§ **Problem requirements**:
Restate the full listing word for word; images stay out of it.

§ **Recorded information**:
((
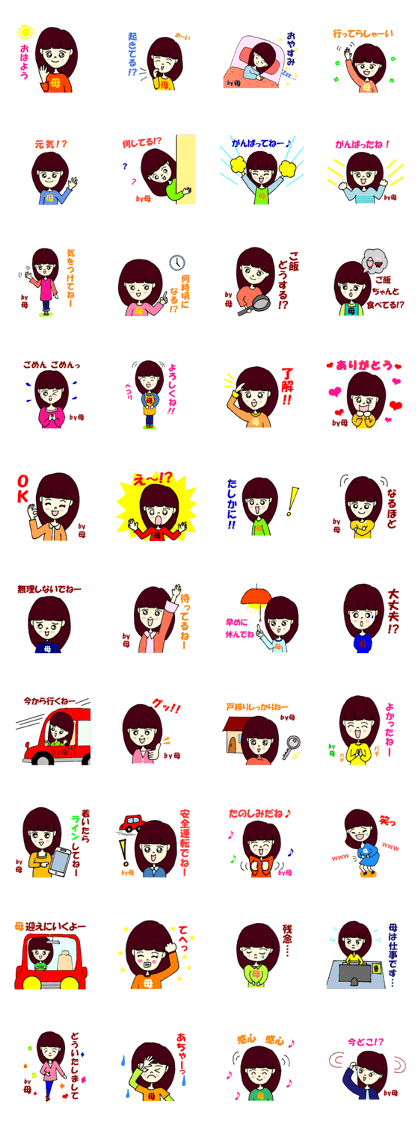 Sticker use from mother to child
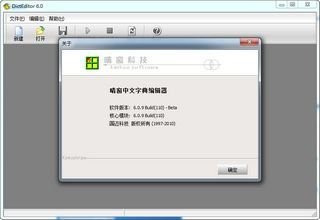 怎么安装晴窗中文大侠？软件功能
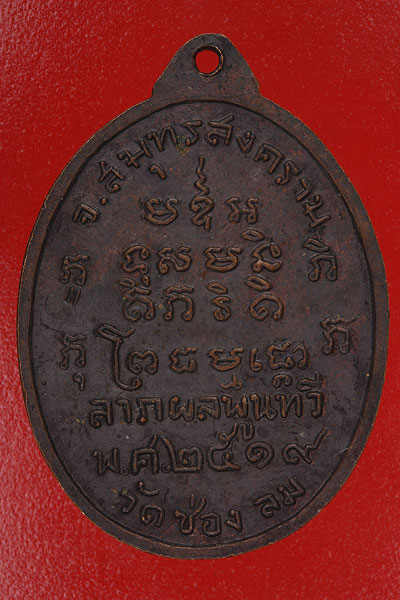 เหรียญหลวงปู่บ่าย วัดช่องลม ปี 19 (นั่งเต็มองค์)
))
§ **Answer**:
 Sticker use from mother to child
 怎么安装晴窗中文大侠？软件功能
 เหรียญหลวงปู่บ่าย วัดช่องลม ปี 19 (นั่งเต็มองค์)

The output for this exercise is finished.